Campaña deberá recobrar la memoria de aquel que fue capitán y figura. Franco tendrá que enfocarse en su recuperación futbolística antes que mirar ofertas del segundo orden europeo. Sánchez Miño deberá reanimarse con él mismo y tratar de mejorar la marca y proyecciones en ataque. Lo mismo Pablo Pérez, con su errático presente más preocupado en el promedio de Newell´s que en su puesta a punto en Avellaneda. Cecilio Domínguez tendrá que repensar su destino cuanto antes. Deberá dejar de lado su celular donde se fija día a día el aumento del dólar billete para terminar de caer que fue la compra más cara de la historia de Independiente. Leandro Fernández tiene todas las aptitudes para retomar su mejor versión, de aquel partido con Racing en el Cilindro. Su escasez de gol viene de arrastre, desde la era Holan. Es su gran déficit. Pero también lo es su compromiso. No correr la pelota que finalizó en el gol de River reaviva los fantasmas, un desinterés que aparenta ser más colectivo que individual.

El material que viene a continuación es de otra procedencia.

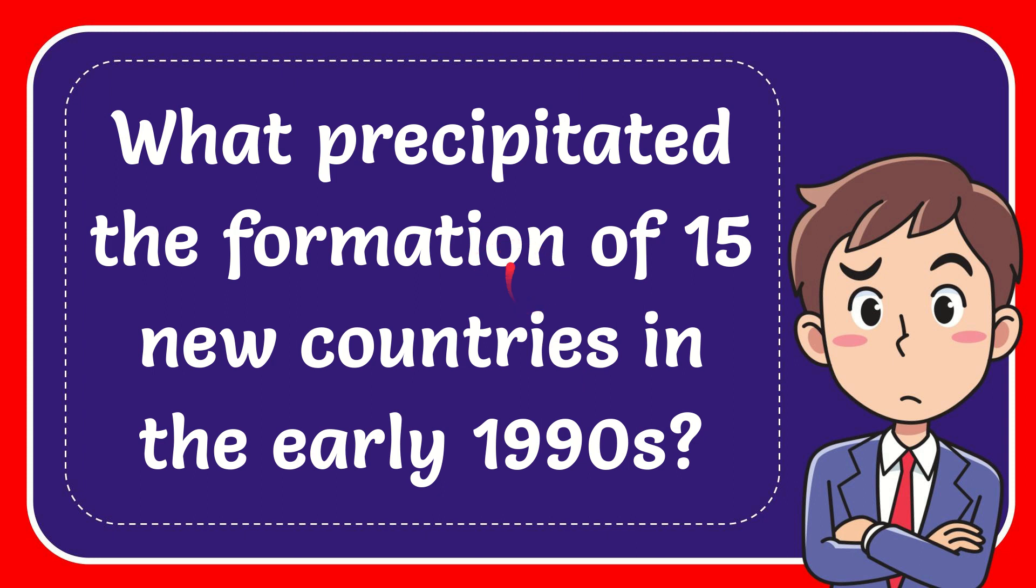In this video I'm going to give you the answer to this question. The question is: what prompted the formation of 50 new countries in the early 1990s?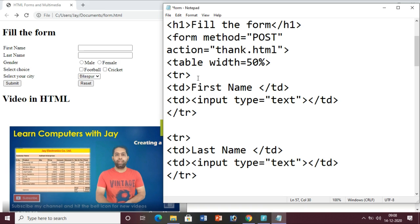Then there is the video tag in HTML. The video source is set to 'one.mp4', width is 600 and height is 400, and I have added the controls attribute so all controls are displayed. Similarly for the audio tag, you write the audio tag with controls and specify the source file name. Always remember that the audio and video files must be in the same folder as your HTML file, otherwise it will not work.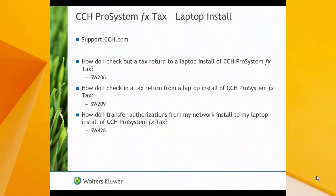At this point, go ahead and close out of Laptop Office Manager. The user that you configured to be able to check in or check out returns can now log back in to Laptop Office Manager and check out a return. Thank you for watching the video on how to install and configure a laptop installation of CCH ProSystem FX TAX. For more information on how to check in or check out returns to a laptop installation, or on how to transfer authorizations to a laptop installation, visit us at support.cch.com and search for the titles listed on your screen or the article numbers listed below them. Thank you.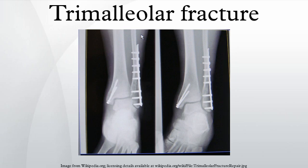Buckholz, R.W.; Henry, S.; Henley, M.B. Fixation with bioabsorbable screws for the treatment of fractures of the ankle. The Journal of Bone and Joint Surgery 76, 319–24. PMID 8,126,036.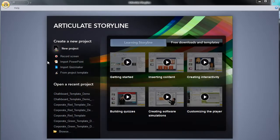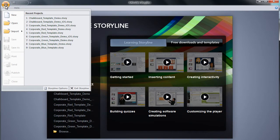After launching Articulate Storyline, click on the A icon at the top left of the screen. Click open, and navigate to the location where you saved your template files. In this example, we saved the files to our desktop for easy access.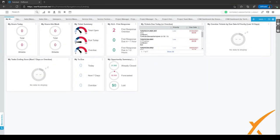In this lesson, we are going to talk about timesheets and timeoff requests and how we can configure this.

Parecería irreal que no haya un jugador de Gallardo corriendo o “metiendo” por la causa. La impronta del técnico es fundamental. No solo su temperamento y audacia en el control del grupo. Por más razonable que sea el planteo motivador de Pusineri, si Campaña no tiene un arquero que le compita de verdad, difícilmente encuentre la oportunidad para levantar su rendimiento. Lo mismo pasa en la mayoría de los puestos. En River es moneda corriente y se nota. Nadie tiene el lugar asegurado.

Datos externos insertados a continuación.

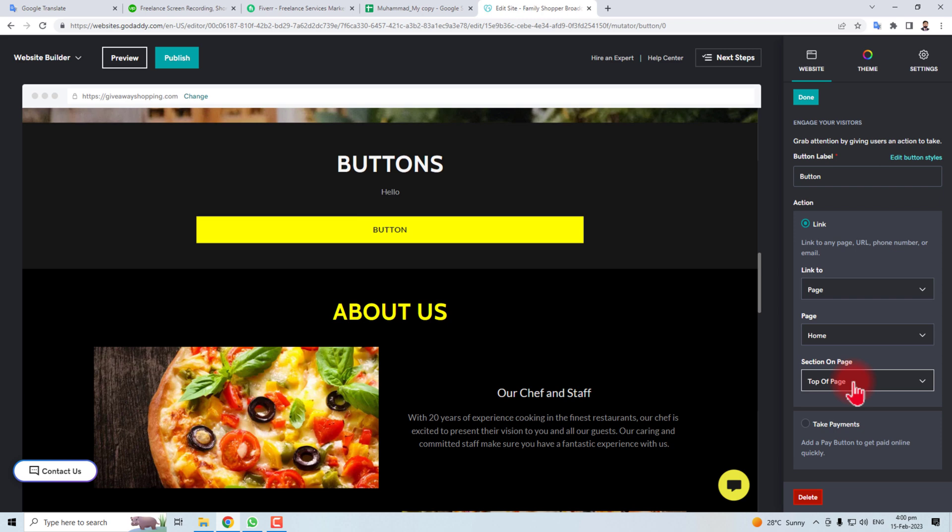So this is the way how to add a button in your GoDaddy website. Thank you very much for watching this tutorial. Keep watching the next one.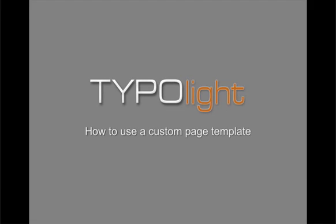Hi and welcome to TypoLite. This screencast is going to show you how you can use a custom page template. In this example, I am using a page template from Open Source Web Design.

De todas formas, confío en que primero tiene que prevalecer el mensaje. El mercado de pases es casi un factor de color, que solo podrá aliviar algo las arcas rojas del “Rojo”. Válido juego de palabras.

¿Cuántos jugadores tendrían ganado su puesto si habría competencia real?. Pocos. Pusineri aseguró que no le temblará el pulso para hacer cambios que sean necesarios. Ello se celebra y se espera, en caso que lo amerite.

Al rompecabezas de Pusineri parece que no le faltan muchas piezas, más bien están desencajadas, se encuentran estropeadas como para que terminen encastrando. La interpretación sobre el valor motivacional y en cuanto al trabajo netamente futbolístico es materia de debate. Cuál factor realmente tendrá mayor injerencia para solución a estos problemas. Lo concreto es que por más respaldo institucional y popular que tenga el actual técnico de Independiente, el rompecabezas necesitará armarse lo antes posible para evitar sinsabores en junio.